### Recorded information
━━━━━━━━━━━━━━━━━━━━
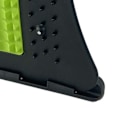 Pikkukuva 8 / 8: Selkämassiinilauta Säädettävä Taso Lumbar Back Cracker Venytyslauta Spine Deck 4 Tasoa Vihreä ja Musta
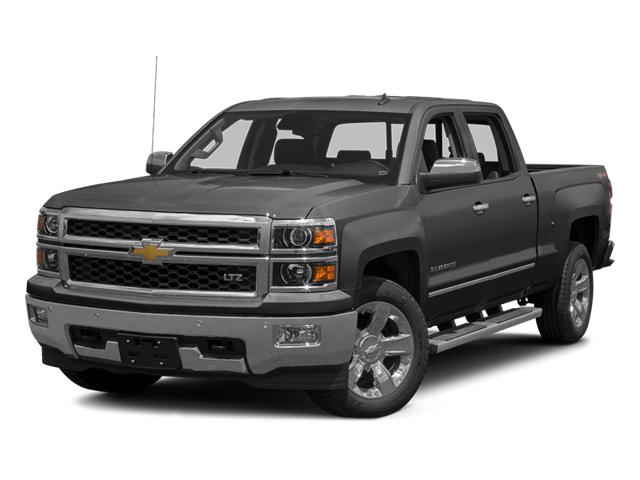 used 2014 Chevrolet Silverado 1500 car, priced at $21,900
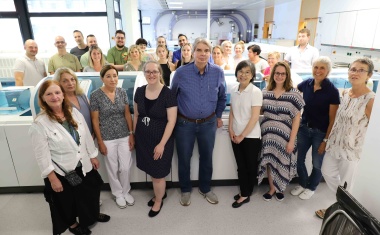 Abschied aus der Klinischen Chemie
━━━━━━━━━━━━━━━━━━━━
### What the task asks
Begin at the line containing "used 2014 Chevrolet" and write out every line to the end of the data exactly. Skip the pictures.

### Written reply
 used 2014 Chevrolet Silverado 1500 car, priced at $21,900
 Abschied aus der Klinischen Chemie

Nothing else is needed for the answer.